The group also vowed to “preserve the Islamic identity of our people, as well as the principles of our orthodox religion” and said it will oppose any outcomes of the conference that contradict those principles.
The AP received a copy of the names of the delegates in attendance from a Saudi official close to the talks. The official, who spoke on condition of anonymity because he was not authorized to release the information, said some of the delegates met with Western and Russian diplomats in Riyadh before the talks.
The U.S. and its allies are calling on the opposition to work toward a consensus ahead of the negotiations intended to lead to a transitional period in Syria and Assad’s eventual removal.
Khaled Khoja, head of Syria’s main Western-backed opposition group, the Syrian National Coalition, said a political solution would have to remove Assad as a priority, but also liberate Syria from the “Russian and Iranian occupation.”
He said the Riyadh meeting will determine who really belongs to the opposition.
U.S. State Department spokesman John Kirby said Washington was “watching the outcomes, obviously, very, very closely.”
With about 20 delegates, the Syrian National Coalition is the largest bloc at the talks.

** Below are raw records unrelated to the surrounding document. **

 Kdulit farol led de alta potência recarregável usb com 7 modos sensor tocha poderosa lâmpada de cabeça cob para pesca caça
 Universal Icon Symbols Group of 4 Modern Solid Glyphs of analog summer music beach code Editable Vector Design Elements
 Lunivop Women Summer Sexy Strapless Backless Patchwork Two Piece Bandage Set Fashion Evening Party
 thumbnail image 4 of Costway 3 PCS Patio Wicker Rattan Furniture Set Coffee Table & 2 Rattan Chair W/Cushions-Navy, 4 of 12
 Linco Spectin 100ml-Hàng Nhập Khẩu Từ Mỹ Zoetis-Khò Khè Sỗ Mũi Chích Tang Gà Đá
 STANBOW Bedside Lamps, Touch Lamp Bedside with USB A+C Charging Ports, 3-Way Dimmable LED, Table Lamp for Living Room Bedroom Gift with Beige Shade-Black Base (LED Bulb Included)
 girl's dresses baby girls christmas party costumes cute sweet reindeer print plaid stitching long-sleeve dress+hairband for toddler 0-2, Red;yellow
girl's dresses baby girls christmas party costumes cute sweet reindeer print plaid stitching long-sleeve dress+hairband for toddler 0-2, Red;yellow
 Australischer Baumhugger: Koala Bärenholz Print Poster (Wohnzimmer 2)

Also attending are representatives of the Syria-based National Coordination Body.
Rebel factions include the Western-backed Free Syrian Army, the Saudi-backed Jaysh al-Islam and Ahrar al-Sham—groups that had long rejected any negotiations with Assad’s government so long as he is in power.
Absent are Kurdish opposition factions, such as the People’s Protection Units, known by its Kurdish acronym as the YPG. It’s the main Kurdish fighting force battling the Islamic State group in Syria. However, there are ethnic Kurds at the talks from among the broader opposition groups invited.

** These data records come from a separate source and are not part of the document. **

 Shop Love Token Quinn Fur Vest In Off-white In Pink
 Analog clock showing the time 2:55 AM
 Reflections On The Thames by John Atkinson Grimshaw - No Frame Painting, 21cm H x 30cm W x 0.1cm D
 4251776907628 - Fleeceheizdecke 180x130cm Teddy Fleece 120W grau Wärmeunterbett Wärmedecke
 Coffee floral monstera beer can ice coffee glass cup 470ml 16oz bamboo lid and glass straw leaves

The IS group is not represented.
The YPG is participating in another conference in Syria’s northern province of Hassakeh that is unrelated to the Riyadh gathering and led by the U.S.-backed Syrian Democratic Forces, of which the YPG is a member.
In the past year, ties between Saudi Arabia and Turkey have strengthened around their mutual support for Sunni groups fighting Assad’s Iranian-backed government. The decision to exclude Kurdish groups is widely seen as a gesture to appease Turkey, which is wary of Kurdish ambitions for an independent state in the region.
In New York, Britain’s U.N. Ambassador Matthew Rycroft said he expects progress on defining who’s part of the Syrian opposition and who’s “a terrorist” ahead of a ministerial meeting in New York next week of parties trying to end the civil war.
Rycroft told reporters that there also will be a ministerial meeting of the U.N. Security Council on Dec. 18 to adopt a resolution supporting the Vienna process.